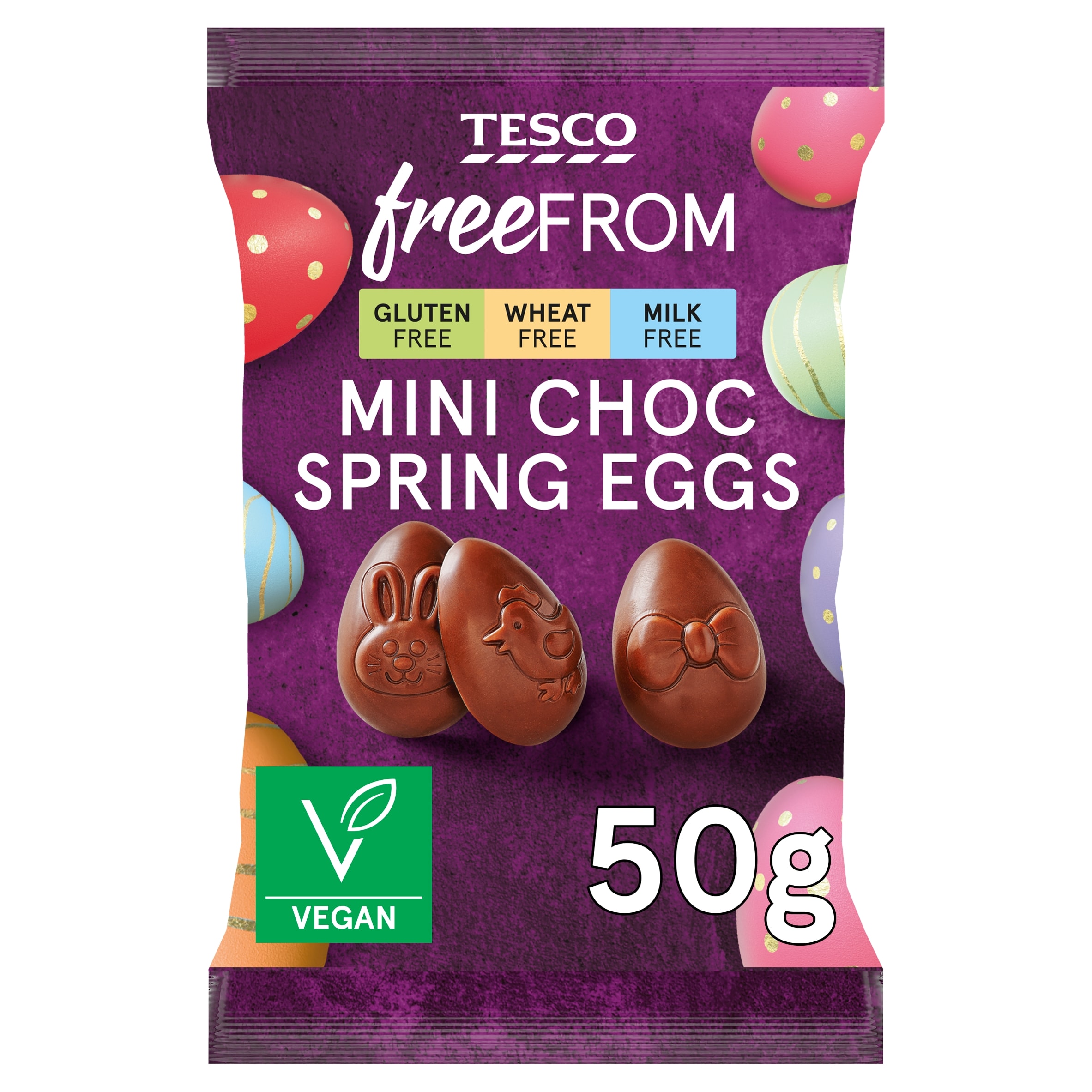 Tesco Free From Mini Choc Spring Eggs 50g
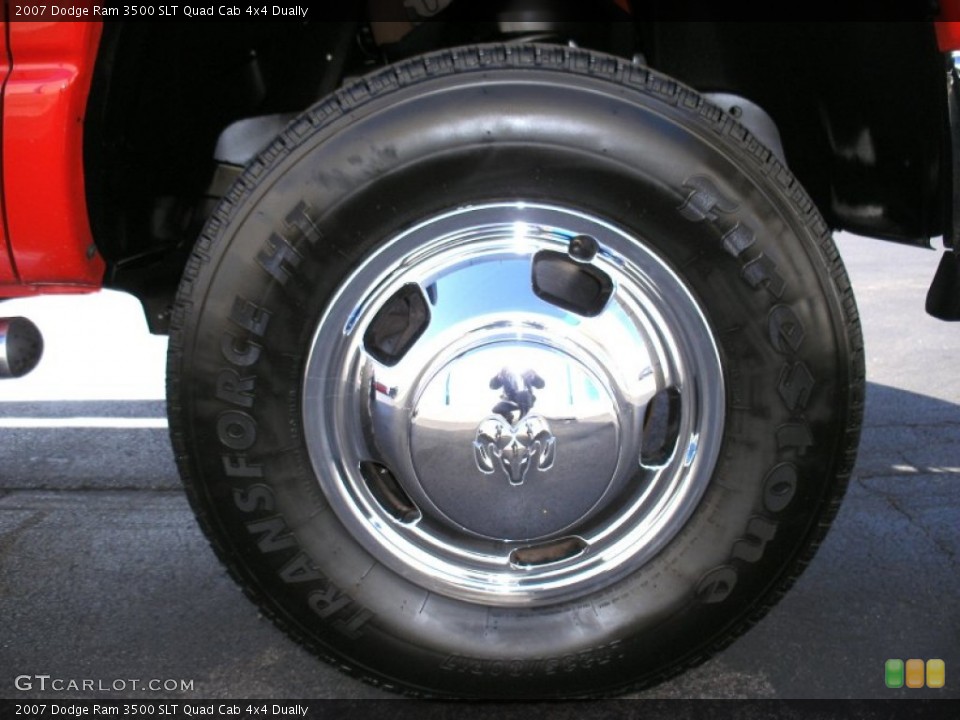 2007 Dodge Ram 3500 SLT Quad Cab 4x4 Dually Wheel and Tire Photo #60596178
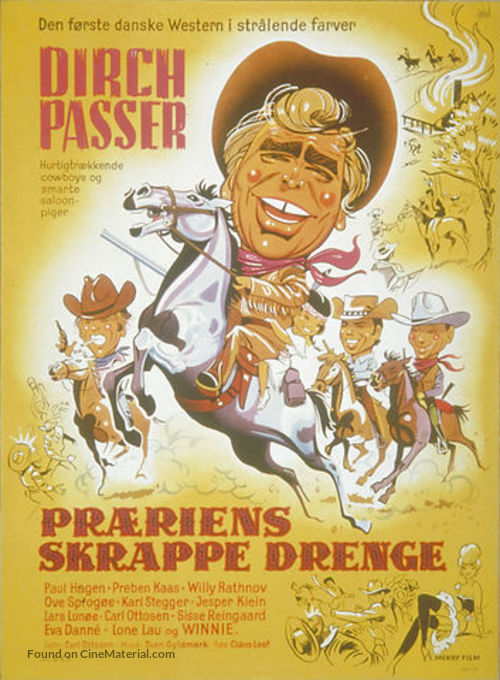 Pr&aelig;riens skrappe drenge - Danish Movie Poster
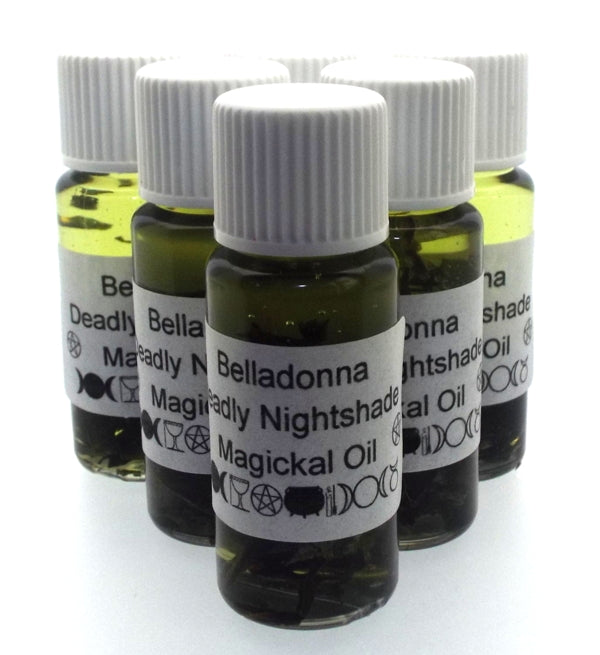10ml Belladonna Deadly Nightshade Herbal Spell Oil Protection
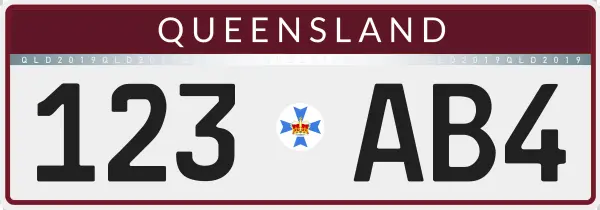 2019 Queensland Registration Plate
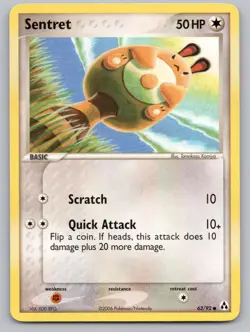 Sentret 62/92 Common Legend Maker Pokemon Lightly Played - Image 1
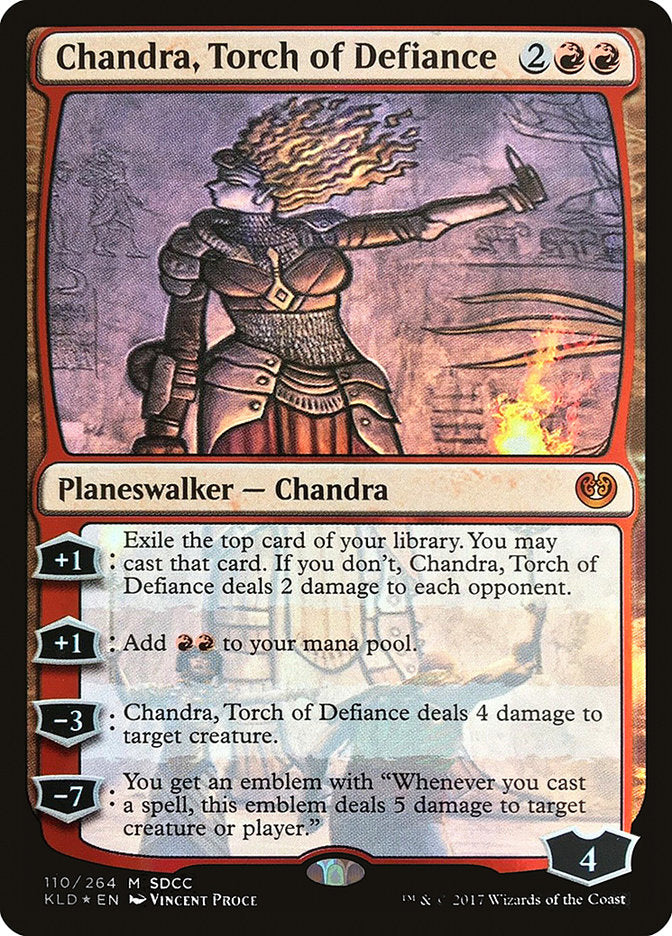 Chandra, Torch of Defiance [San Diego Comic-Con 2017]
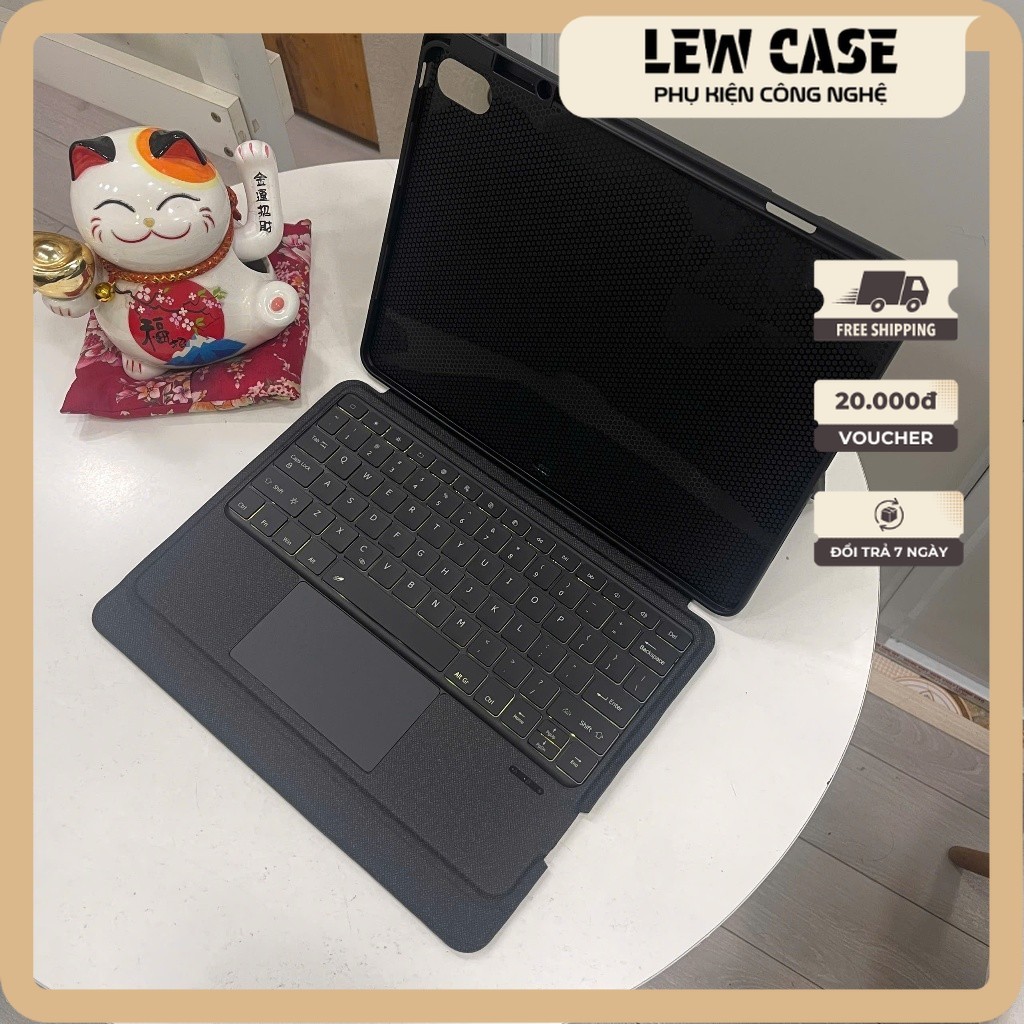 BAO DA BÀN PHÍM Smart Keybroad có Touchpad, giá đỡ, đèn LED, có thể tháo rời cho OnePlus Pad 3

☆ ☆ ☆ ☆ ☆ ☆ ☆

What's needed is a word-for-word retyping of the listing, minus its pictures.

 Tesco Free From Mini Choc Spring Eggs 50g
 2007 Dodge Ram 3500 SLT Quad Cab 4x4 Dually Wheel and Tire Photo #60596178
 Pr&aelig;riens skrappe drenge - Danish Movie Poster
10ml Belladonna Deadly Nightshade Herbal Spell Oil Protection
 2019 Queensland Registration Plate
 Sentret 62/92 Common Legend Maker Pokemon Lightly Played - Image 1
 Chandra, Torch of Defiance [San Diego Comic-Con 2017]
 BAO DA BÀN PHÍM Smart Keybroad có Touchpad, giá đỡ, đèn LED, có thể tháo rời cho OnePlus Pad 3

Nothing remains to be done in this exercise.